Data items:
Content starts
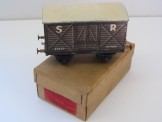 Leeds Gauge 0 Wood and Paper Litho SR Luggage Van Boxed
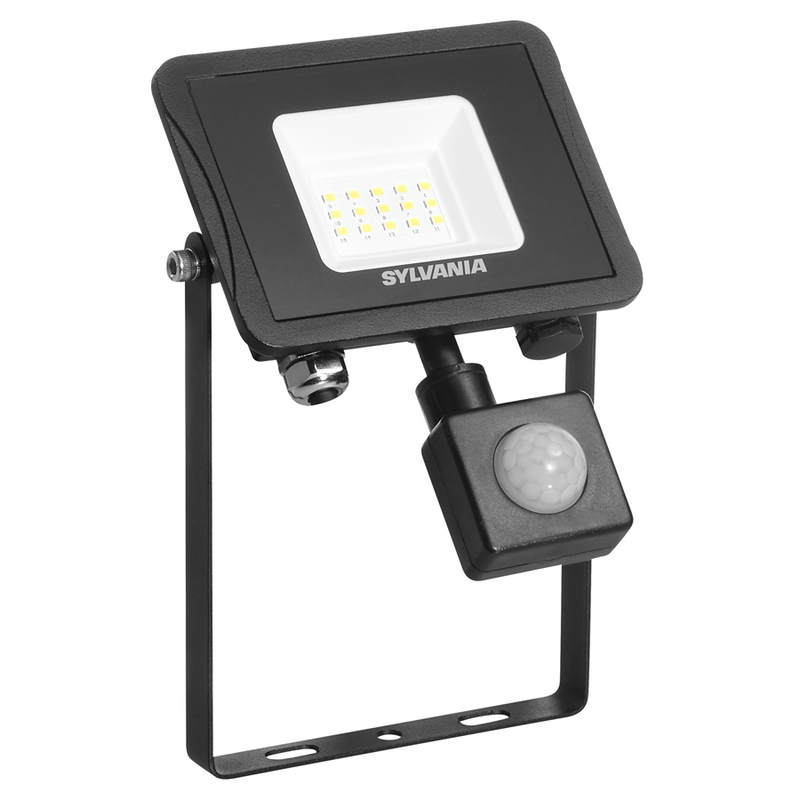 27W, 3000lm, Start Flood PIR-versio IP65, IK05, 4000K, LED valonheitin Sylvania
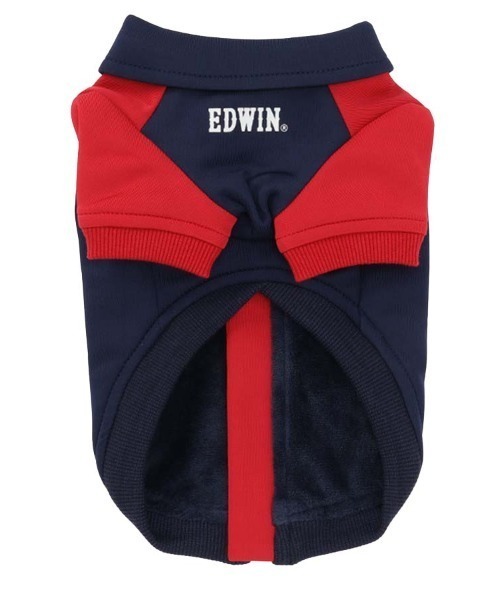 EDWIN（エドウィン）の「EDWIN/切替バイカラージャケット（ペットウェア・メンズ・ブルー/ネイビー・L/M/S/XS/3L/2L）」の12枚目の写真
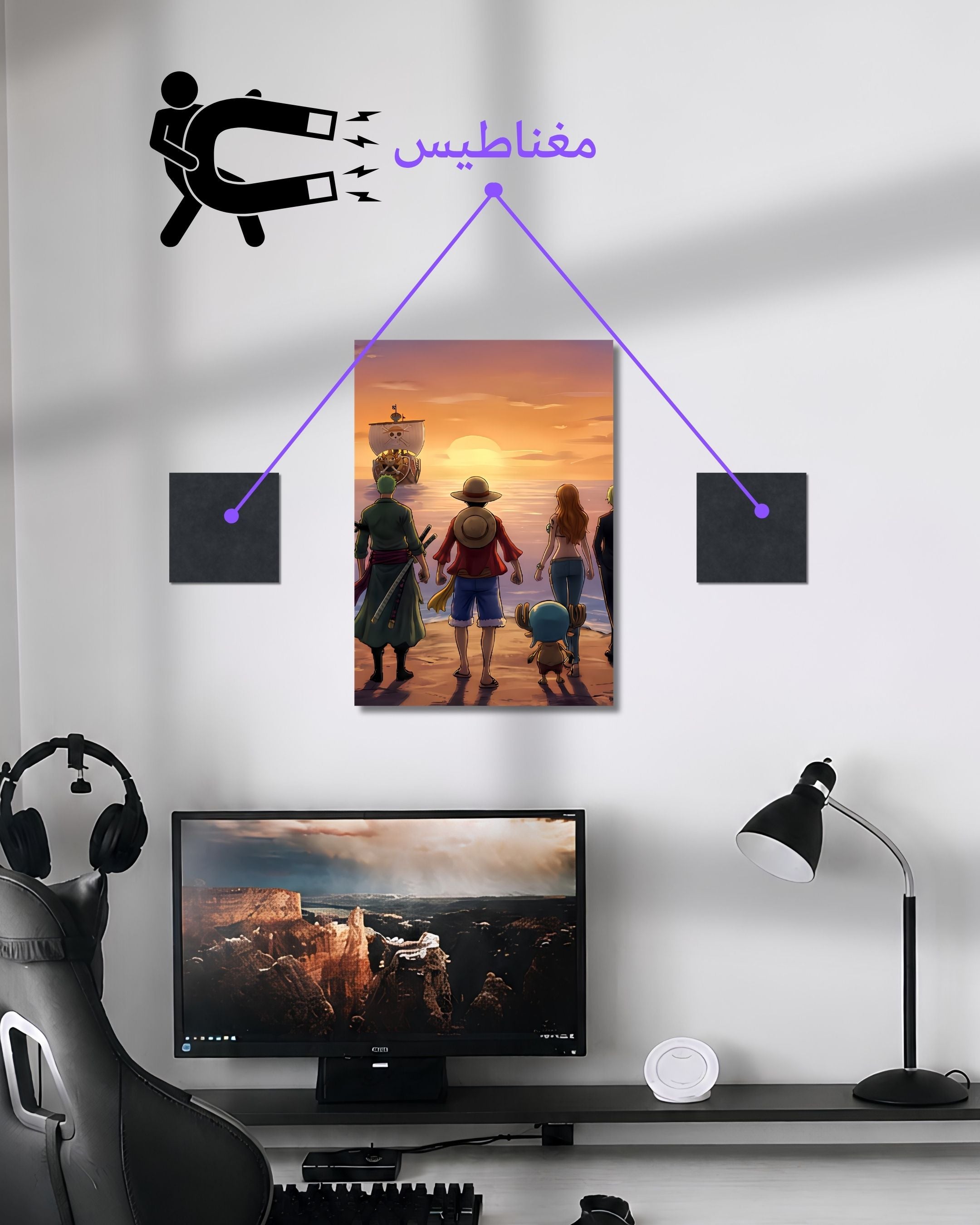 ONE PIECE 01 aluminium poster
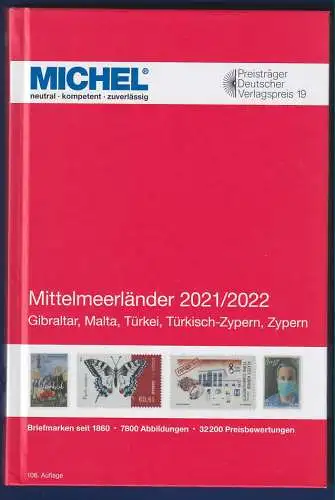 MICHEL Europa-Katalog 2021-22 Band 9 Mittelmeerländer, Top-Zustand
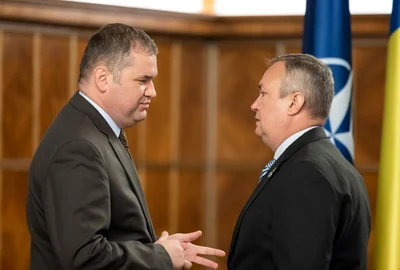 Cseke Attila si Nicolae Ciuca FOTO Guvernul Romaniei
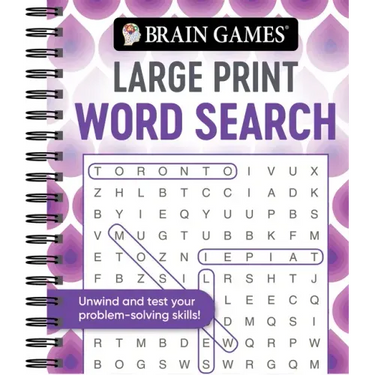 Brain Games - Large Print Word Search (Swirls)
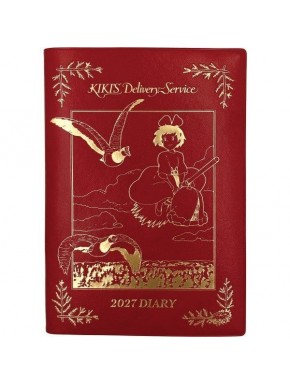 Agenda rouge 2027 de Kiki sur balai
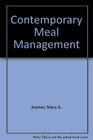 Contemporary Meal Management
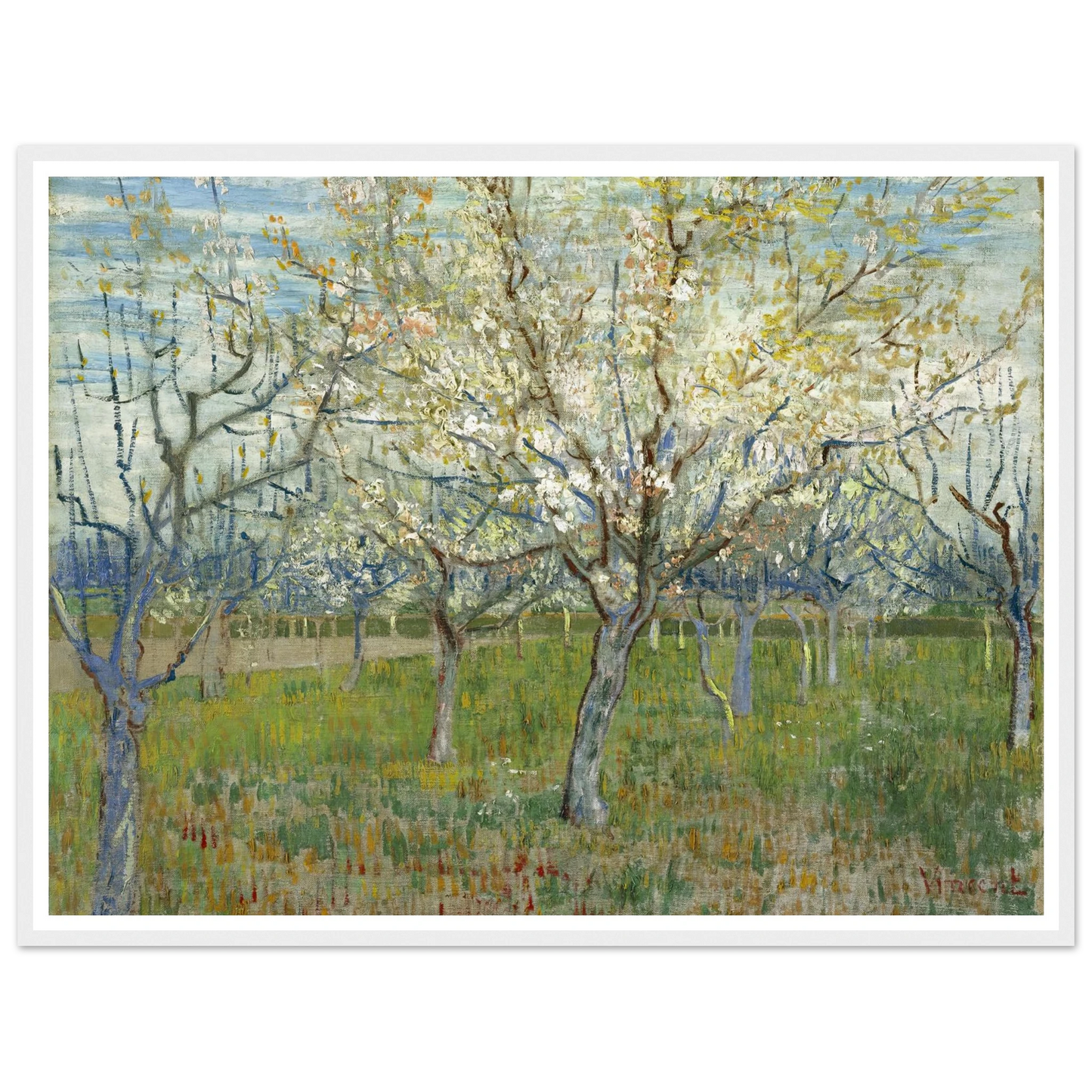 The Pink Orchard (1888) Art Print | Vincent van Gogh-Quipham Collections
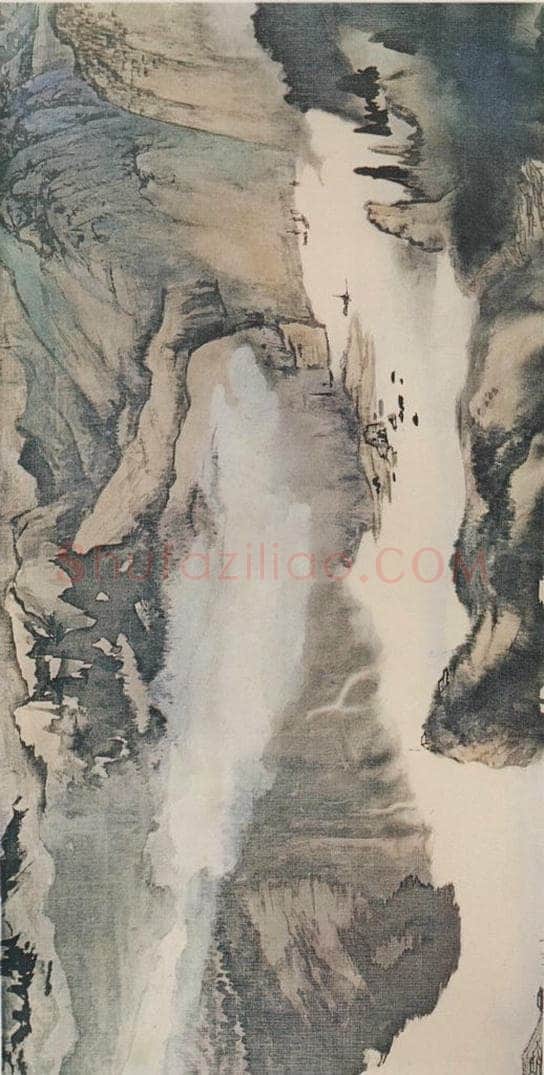  张大千 《长江万里图》 书画作品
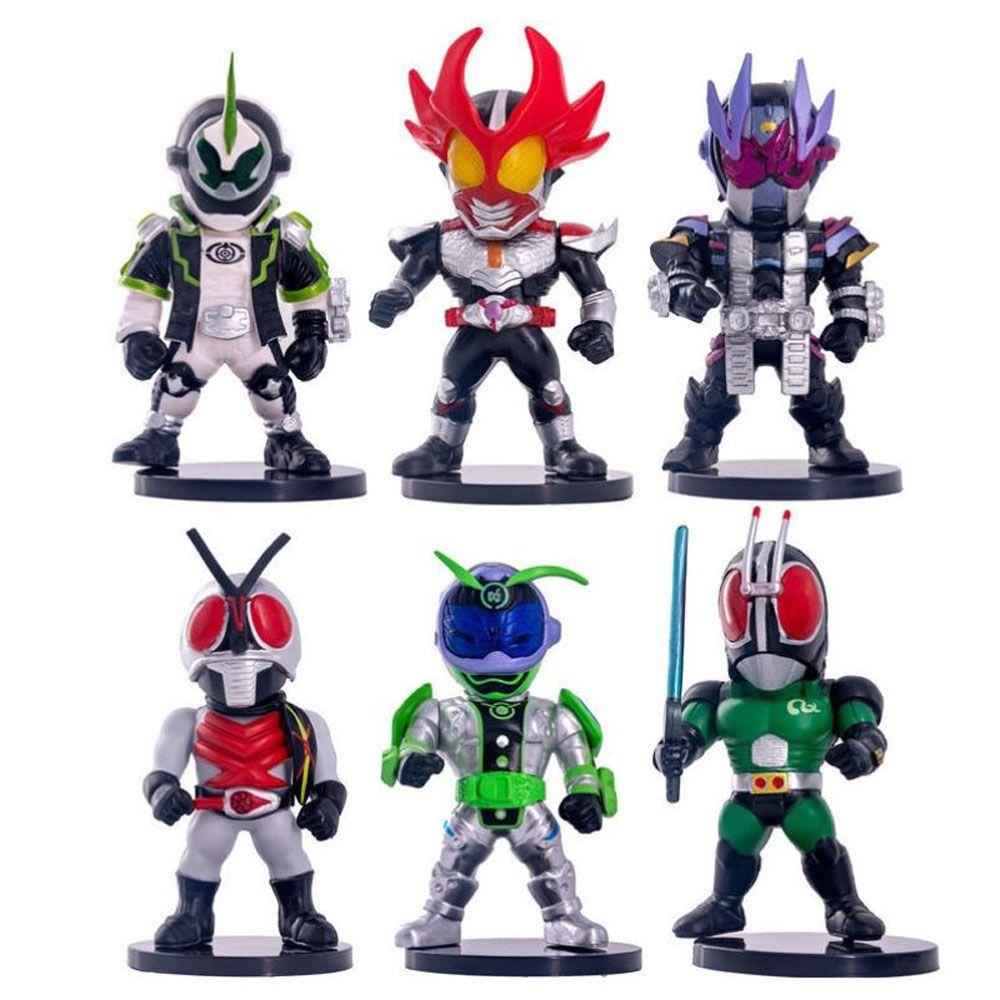 Mô Hình Kamen Rider Mặc Mặt Nạ Bằng PVC Trang Trí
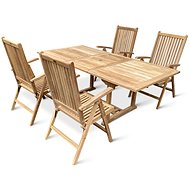 TEXIM Set zahradního nábytku BALI/ EDY 1stůl+ 4křesla - Garden Furniture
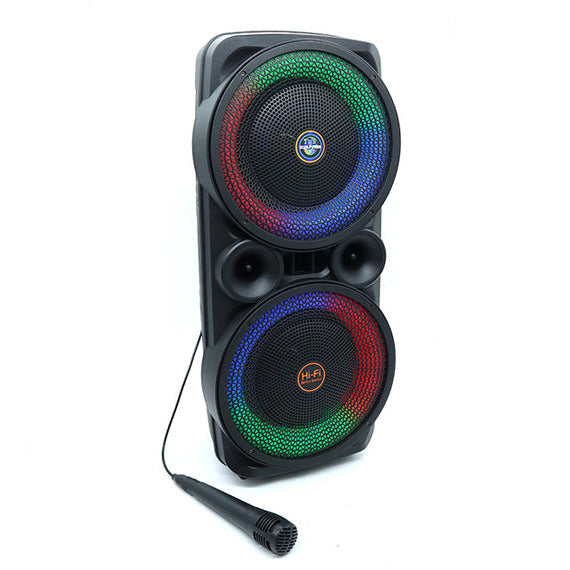 Dual 8" Portable Karaoke Bluetooth Party Speaker  AO8209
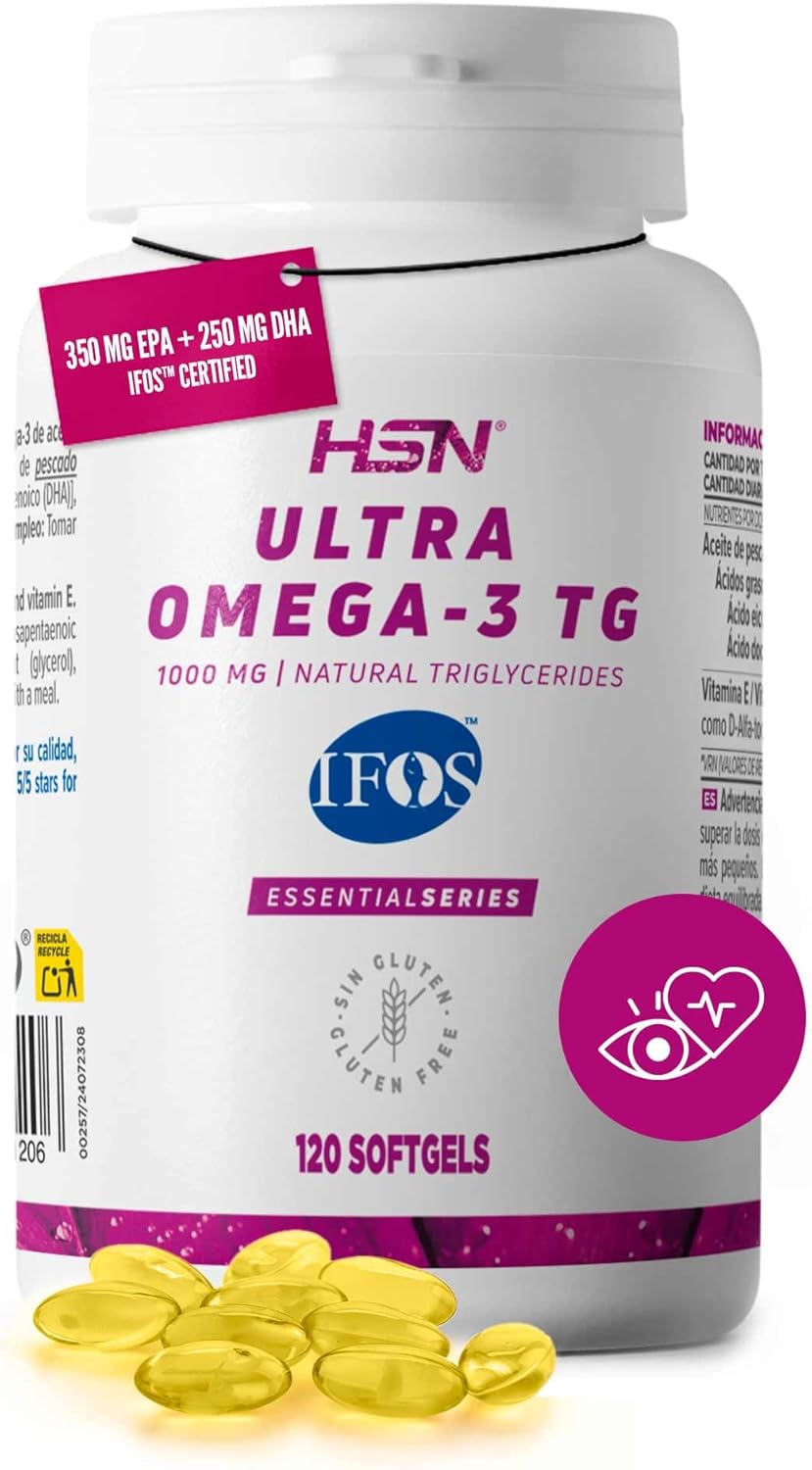 Embalagem de HSN Ultra Omega-3 TG com certificação IFOS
Content ends
*TASK BRIEF*:
Give again, word for word, the line containing "Portable Karaoke Bluetooth" and every line after it to the end of the records; leave out the pictures.

*REPLY TO THE EXERCISE*:
 Dual 8" Portable Karaoke Bluetooth Party Speaker  AO8209
 Embalagem de HSN Ultra Omega-3 TG com certificação IFOS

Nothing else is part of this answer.